The business world is sometimes characterized as devoid of any type of ethical standards, but in reality, the business world is held to quite stringent ethical standards. Ethics in business are a necessary part of doing business; without ethical considerations, the already-dog-eat-dog world of business would become even more cutthroat and abusive. When considering a strategic plan, for example, it is very important to take into consideration the appropriate ethical and moral actions to take in any given business situation.
When management in a company decides to design a business, they rarely go into the design process planning to create a business that is ethically unsound. If all ethical decisions were simple and easy, then there would be no need for business ethics to be a field of study. Many ethical considerations are complex and convoluted, and upper-level management may stumble into ethical quandaries that they did not foresee. When creating a strategic plan for a business, the first ethical issue that many upper-level management personnel consider is their ethical responsibilities to the stakeholder (Pierce and Robinson, 2011).
Linked to the issue of transparency in business and decision-making is the issue of independence.

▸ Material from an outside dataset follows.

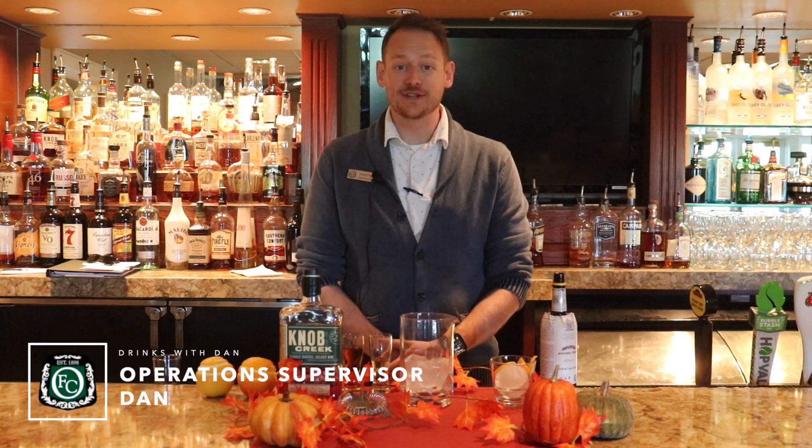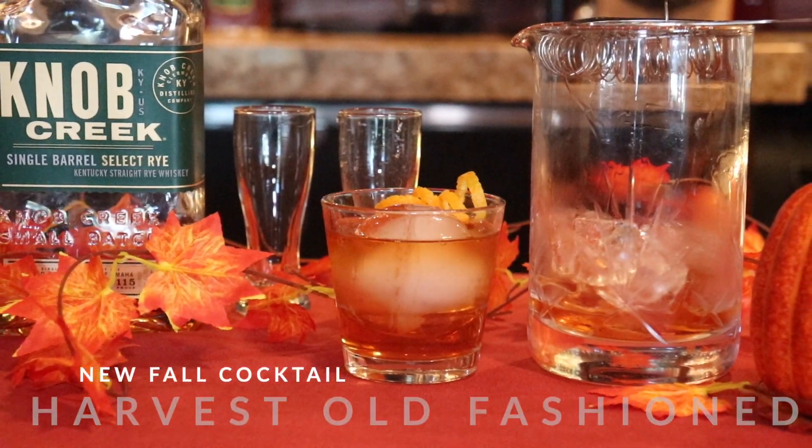Hey everybody, welcome back to The Mixed Grill. Today is the first day of fall and today we're going to make the harvest old-fashioned.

Team members at the upper levels of management cannot be under any type of duress or psychological intimidation when making ethical decisions regarding business strategy; if they are, then the likelihood of the individual making poor ethical decisions increases dramatically (Pierce and Robinson, 2011). When participating in strategic planning sessions, all the members involved should be respected as equal or, at the very least, given equal opportunity to air their concerns to the group at large; this will foster fair treatment and balanced discussion in the long run (Pierce and Robinson, 2011).
Behaving in an ethically and socially-responsible way in a business environment is not very different from behaving ethically and socially responsible in any other environment, but when money is involved, people frequently forget their moral and ethical obligations to themselves and to the other people involved in the process. This is why having transparency and a variety of people involved in the strategic planning process will help avoid any potential ethical issues that may arise.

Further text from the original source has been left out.